The captain on said sailboat is moving on and the position has been laid out on a platter for the taking. Lets just hang the carrot of a professional chef and clean clothes in front of a cruiser.
My anxiety went through the roof. I didn’t want to live on a sailboat with 3 kids by myself, I just don’t have it in me. I could barely last the 3 days he was gone to deliver the boat. On the other hand we really need the money. Where would this 106’ sailboat cruise? Was I to just follow him around and have to schedule in time to see him?
I was scared that I would just blurt out all my worries and totally freak him out.
Carl loves working, especially on boats and his type of personality doesn’t really belong cruising on a 48’ sailboat. You know the type – he can’t sit still and always has to be fixing something or talking to someone. He’s the silver back of our family. He’s the leader, the muscle, and the one that likes to be surrounded by people to help pick bugs off his body – well maybe that’s taking it too far.

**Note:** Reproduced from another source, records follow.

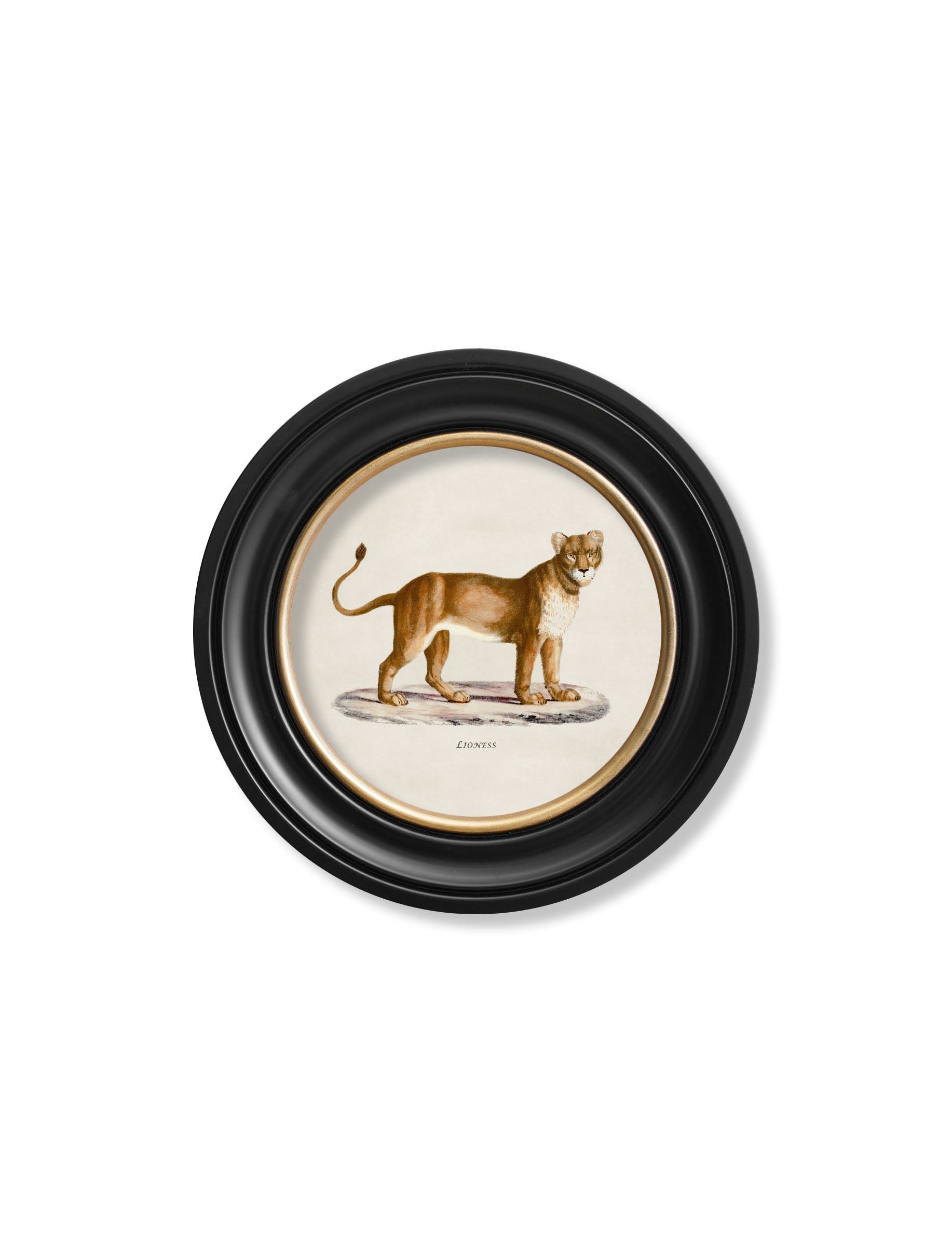 Rackhams Black C.1800s Lion & Lioness - Round Frames - 44 X 44Cm - Lioness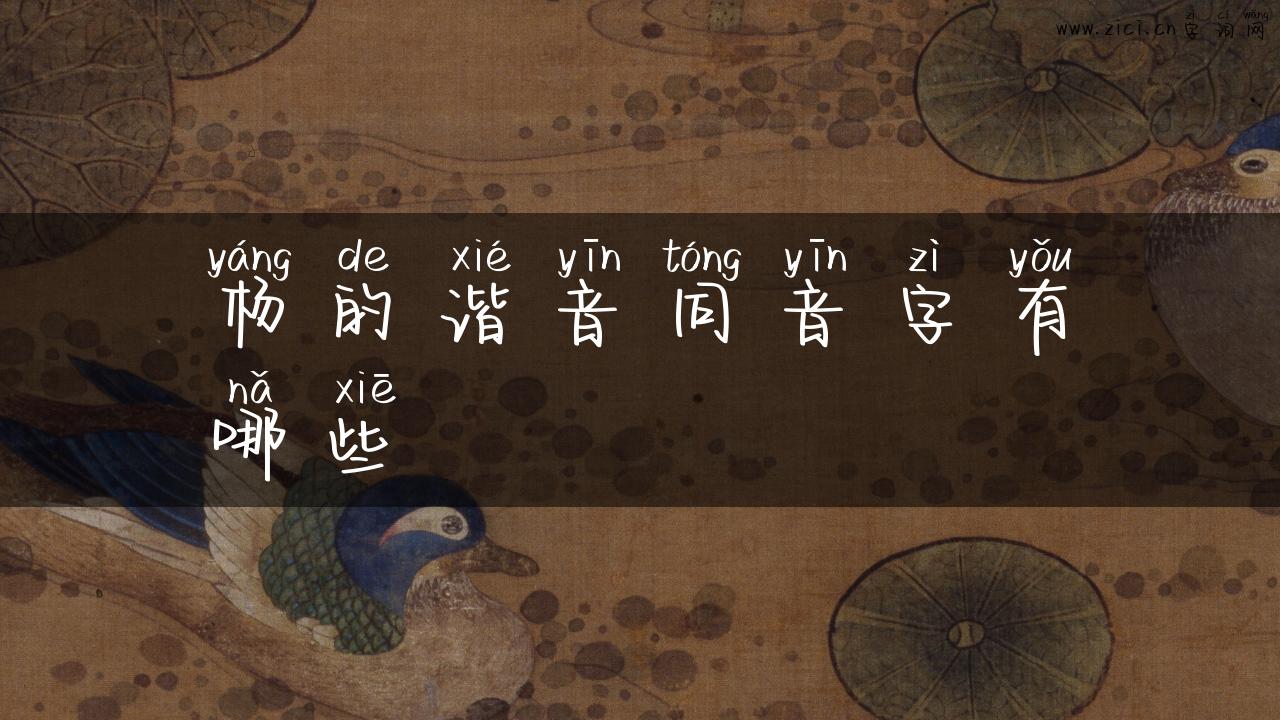 杨的谐音同音字有哪些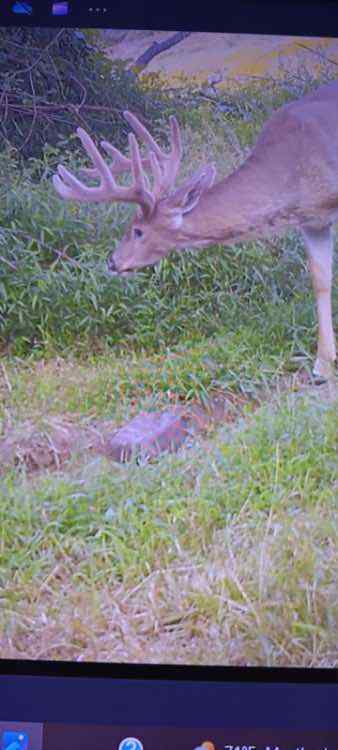 image000002.jpeg.c37a9082a428fe5e2f08a6f42dcffc6e.jpeg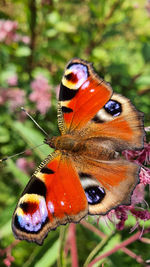 Close-up of butterfly pollinating on flower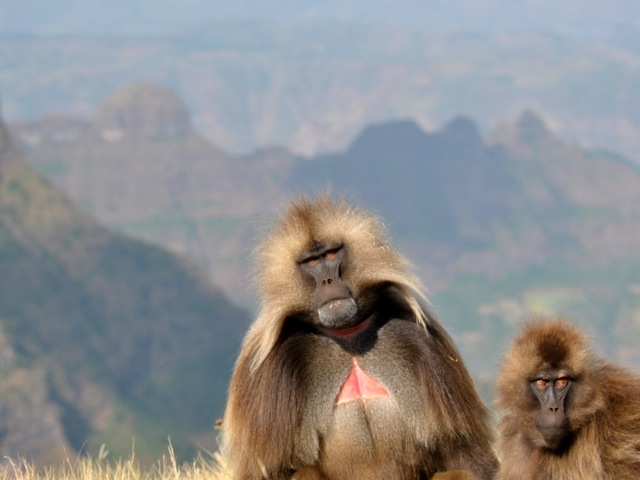 Gelada monkeys, Simien Mountains, Ethiopia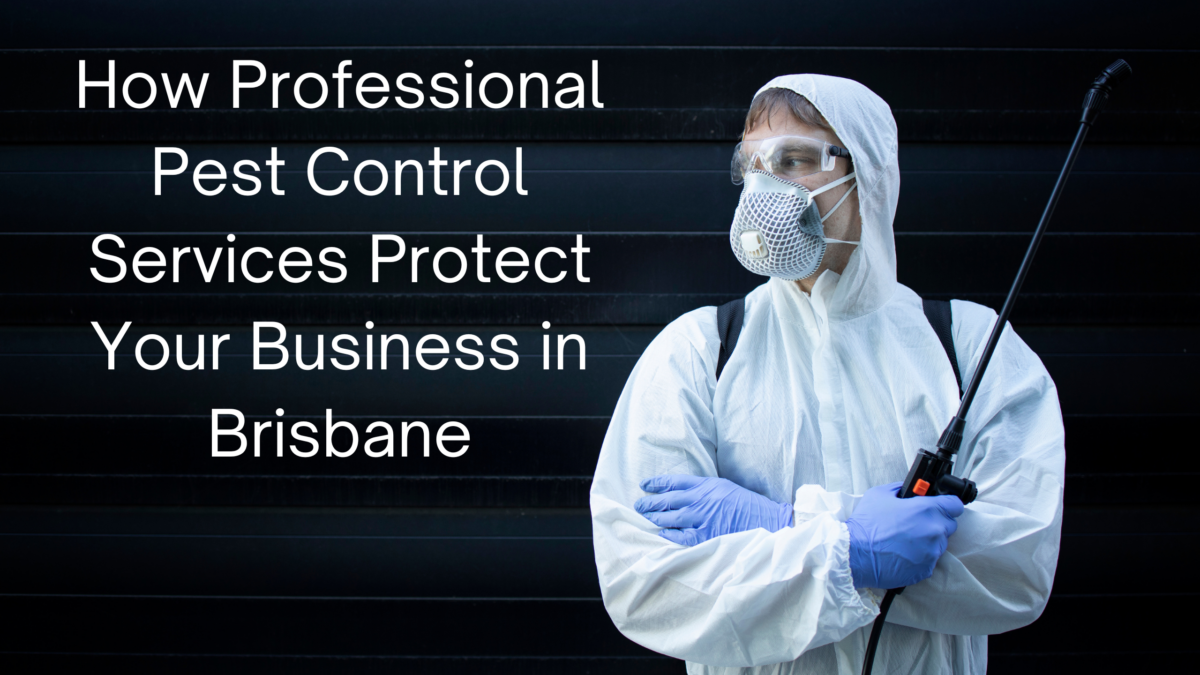 How Professional Pest Control Services Protect Your Business in Brisbane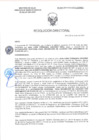 Vista preliminar de documento RD-2407-2025-DSAIA-DIRIS-LE-MINSA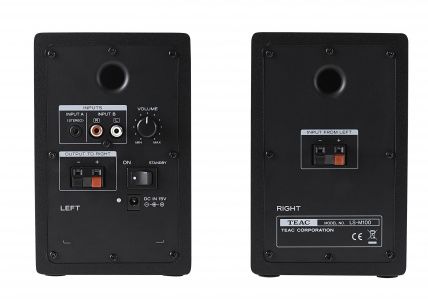 Teac LS-M100-B Powered Speaker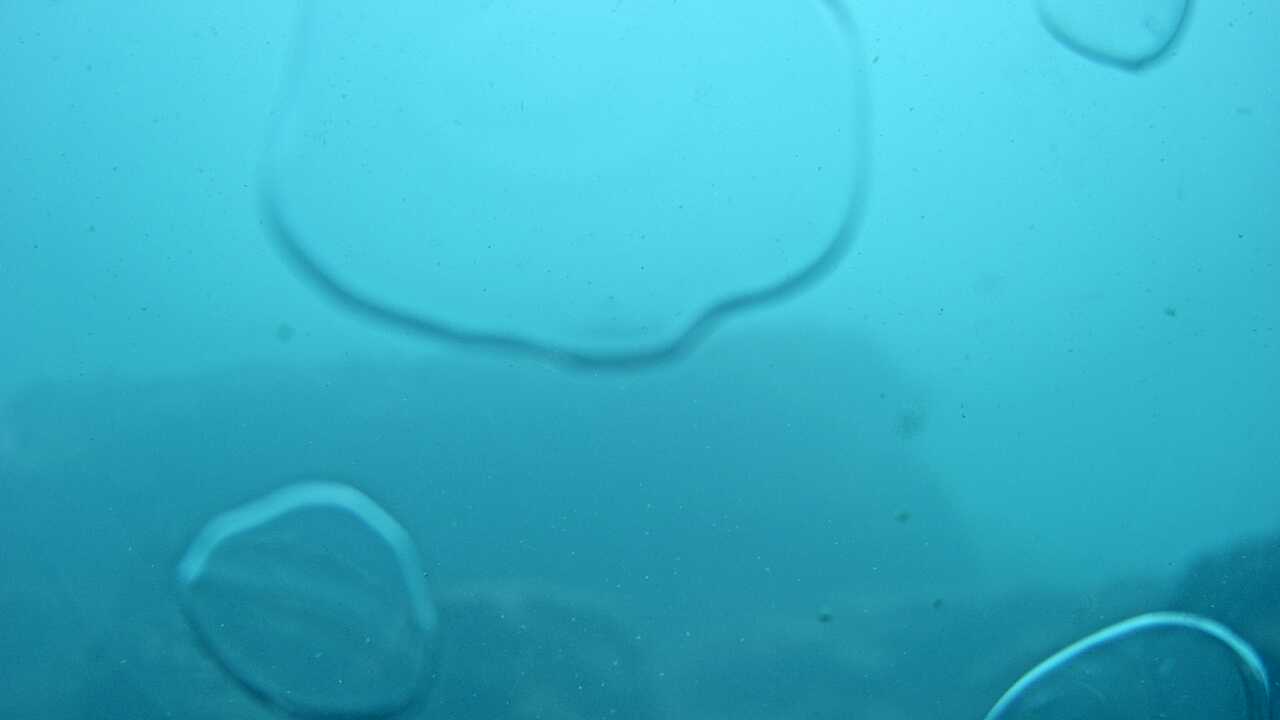Kushimoto Marine Park (Underwater Landscape)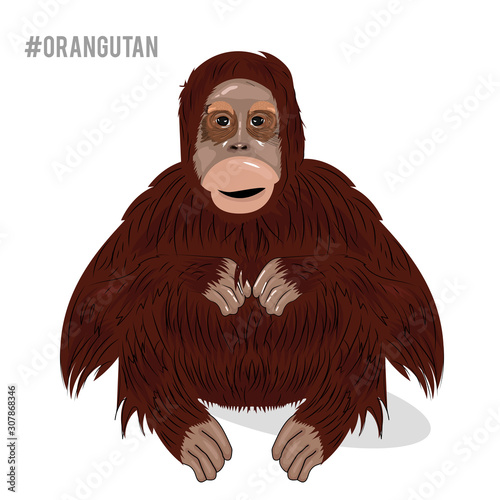 Cartoon illustration orangutan isolated on white background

I didn’t want to crush his dreams, only twist it into something that works for the whole family.
Would you take the job and toss your dreams into the wind? Is it possible to have a career while sailing the world with your family?
We talked and talked some more and are making it work.
Carl will be leaving in March to do a week long charter in the Virgin Islands and then delivering the sailboat to Newport, RI. He has been offered the job full time if he would like it but we have chosen to accept it as far as Rode Island and re-evaluate then.
We will sail Abeona to Tortola (British Virgin Islands) where I will hang with the kids while Carl works. Please someone come visit me. By moving, Carl should be able to visit us before and after the charter.
In our total dreamland Carl would land a rotation job on either a sailboat or motor boat enabling us to still sail to awesome places while earning money along the way. 3 months on, 3 months off would be perfect.
So what was a holy crap moment has turned out not to be that bad – thus far. He has his foot in the door with a megayacht management company and possible future rotation job on a sailboat.
When we leave the BVI we still plan to go south and hopefully catch up with our friends. Yay!! You know the whole cake and eating it too business. Gosh there are going to be some tears when we have to leave everybody in St. Maarten, it’s the hardest thing of living a cruisers life. Making friends only to leave them. Second to that is finding work of course.
People ask how we make it all work. Schooling, working, adulting. This is just part of the tale.